Essentially, signals are built by processing raw data. Raw data is unstructured, unassociated data gathered through a variety of means including port scanning, dns sinkholes, dark web intelligence, among others. It may have one or more identifiers, like an IP range or address, domain, or email address, etc. but observations remain rough and in petabytes of unmatched, unmapped, fragmented, duplicated and noisy disaggregated storage.

The process of collecting data is also critical. The complexity of the data collection activity by itself requires enormous effort and attention to detail. For the sake of scalability, many large-scale data collection efforts rely on simplified steps of the communication processes to establish the presence of servers or services. If improperly executed, this could lead to spurious observations that may not truly be indicative of a company’s risk posture.

Once properly collected, the post-collection data engineering effort necessary to actually make this data usable for insurance begins. The data needs to be appropriately contextualized, which means processing, cleaning, deduplicating, associating and mapping to specific companies, before being correlated and mapped to specific companies, then further analyzed to develop the relevant signals that underwriters need to understand the risks they’re evaluating.

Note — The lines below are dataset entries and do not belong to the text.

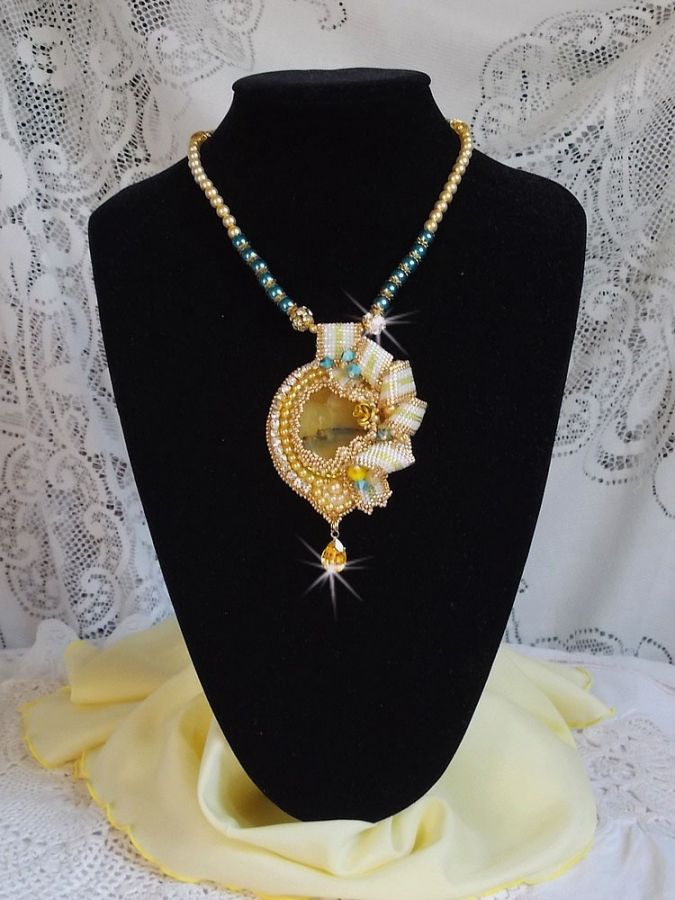 Haute-Couture Sunflower Gold pendant embroidered with 24 karat gold-plated seed beads, a Madagascar opal and Swarovski crystals.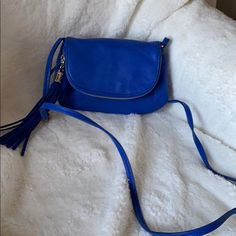 Express Royal Blue Mini Crossbody Bag With Tassel Zip. Nwot Strap Is Adjustable. 50” At Longest Length. Magnetic Button Closure With Inside Zip Pocket. Flap Is Deep Zip Pocket 8” Long X 1” Wide X 6” High Blue Tassel Bags For Daily Use, Blue Fringe Bags For Daily Use, Blue Shoulder Bag With Tassels For Daily Use, Blue Fringe Shoulder Bag For Daily Use, Blue Bag With Tassels For Everyday Use, Blue Shoulder Bag With Tassels For Everyday Use, Blue Everyday Bag With Tassels, Casual Blue Bag With Tassels, Bag With Tassel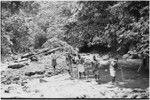 Yagip River: carriers cross with cargo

If you are an insurance carrier, an MGA, or any other type of underwriting shop, you have a few options when it comes to implementing cyber risk signals into your underwriting workflow:

1. Collect the raw data and build everything from scratch yourself
2. Contract with a third-party firm that collects, cleans, processes and maps the raw data on your behalf, and then build the signals yourself
3. Partner with a third-party firm that collects, cleans, processes, and maps the raw data, and then generates signals on your behalf. You can then apply those raw signals using your own understanding of cyber risk

Given the complexities, domain expertise, and in-house resources needed for options one and two, partnering with a signal and cyber data vendor to build signals on your behalf is becoming all the more common.

What to consider with a data vendor

By using third-party cyber risk signals and scores, the underwriting process can be more efficient, and underwriters can be better informed with a unique view of risk — especially if the time available to spend on an account is limited due to either the volume of submissions or the size and complexity of the submission. Signals and scores provide an additional method and lens for risk triage, vulnerability identification, data corroboration and overall cyber risk hygiene.

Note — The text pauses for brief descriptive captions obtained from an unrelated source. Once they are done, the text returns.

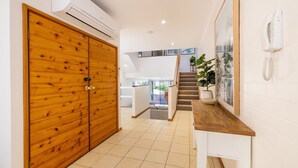 Un pasillo con puerta de madera, una escalera y una planta en maceta.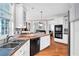 Kitchen features stainless steel sink, dishwasher, and appliances, along with white cabinets and wood floors at 5735 Lake Windsor Pkwy, Buford, GA 30518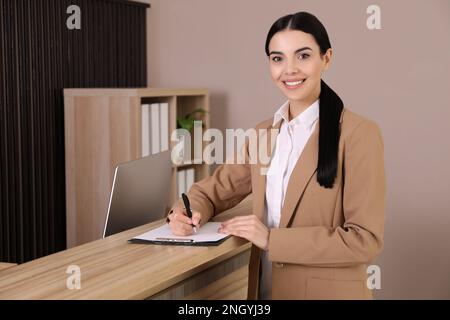 Rezeptionist mit Klemmbrett in der Nähe der Arbeitsfläche im Büro Stockfoto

For those looking to partner, there are multiple aspects you should keep in mind when evaluating data and signals for your insurance underwriting, including, but not limited to:

- What is the signal and/or score measuring?
- How was the score/signal built?
- What is the resolution of the signal (and resolution of the underlying data)?
- What is the signal mapped and attributed to (domain, IP, company, etc.)?
- What is the relevance of this signal for Cyber Underwriting?
- What is the correlation of this signal to the frequency of an event?
- What is the correlation of this signal to the severity of an event?

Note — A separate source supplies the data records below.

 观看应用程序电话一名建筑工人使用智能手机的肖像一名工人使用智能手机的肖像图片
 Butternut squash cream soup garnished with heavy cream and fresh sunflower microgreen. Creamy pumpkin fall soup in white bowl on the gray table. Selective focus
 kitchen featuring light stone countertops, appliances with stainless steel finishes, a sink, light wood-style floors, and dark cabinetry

It’s important to understand how the third-party data, signals, and scores truly suit your underwriting needs before choosing a partner you can trust. Answering these questions, and understanding not only how you will apply signals and scores to your underwriting process but also how much these signals will improve the outcomes of underwriting decisions, should guide your decision.

The misapplication of real-time data

An underwriter is trained and conditioned to swiftly sort through assessment questionnaires and policy language — and they value efficiency to make well-informed decisions of risk. Cyber risk modeling tools and cyber risk signals that cut through the noise are essential to achieving this.

However, underwriters are facing a Cyber Data Conundrum: the volume of data available makes it difficult to know which signals are important. Constant streams of high resolution data can become overwhelming, and ultimately, less is more. Effective underwriting comes down to having the right data.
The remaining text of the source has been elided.